I've been curious about how non-technical founders see software developers' work and collaboration. What kind of challenges, problems, or issues have you experienced particularly in the early stages of product development, such as making an MVP in particular?
Specs, communications, business deals...?
Just asking because I'm coaching first-time startup CTOs. Also good to know for my own continuous process improvement. ;-)
Thank you in advance!
Being a technical cofounder for my own startup and helping other startups in developer role, I can try to answers your query, from a different perspective.
Trust, transparency and communication are the biggest hurdles in early stage.
Non-technical founders are initally sceptical about revealing everything, until they have travelled a while with the developer.
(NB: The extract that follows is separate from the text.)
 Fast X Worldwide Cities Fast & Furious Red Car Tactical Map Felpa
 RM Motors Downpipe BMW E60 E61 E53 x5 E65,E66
It makes sense, because the risk is more on his side than the developer.
Some developers can own the MVP and deliver the best.But some can vanish in the middle of development due to technical challenges or greener pastures.
Unless both developer and Founders spend time, iron out trust issues and build rapport, the collaboration will not be smoother.
I am a "technical person", so perhaps not as well qualified to answer your question from that perspective. However, I will try. The biggest problem I experience is that communication between "what I want" and "what I get" seems to fail a lot. Non-technical people collaborating with technical people have an inherent disconnect. Terminology is part of it, but I think the bigger problem is the difference in perception between what non-technical people imagine technology to be able to provide and what technical people believe are the limits of technology. The second biggest problem I experience is expectations matching. Some things are technically trivial that might seem almost impossible, while some things that are almost impossible technically may seem trivial. The solution to these problem has long been better communications, which takes someone who understands both sides (perhaps you) and can act as an intermediary while the two sides learn more about each other and how to interact successfully.
Fred, you brought up the main points straight away!
Indeed, communication is probably the key here.
Then, what would you say, whose job is it exactly?
In my mind, it is the CTO's job (but I'm strongly biased here hahah). A multidisciplinary guy in that position can literally save the company from early-stage failures.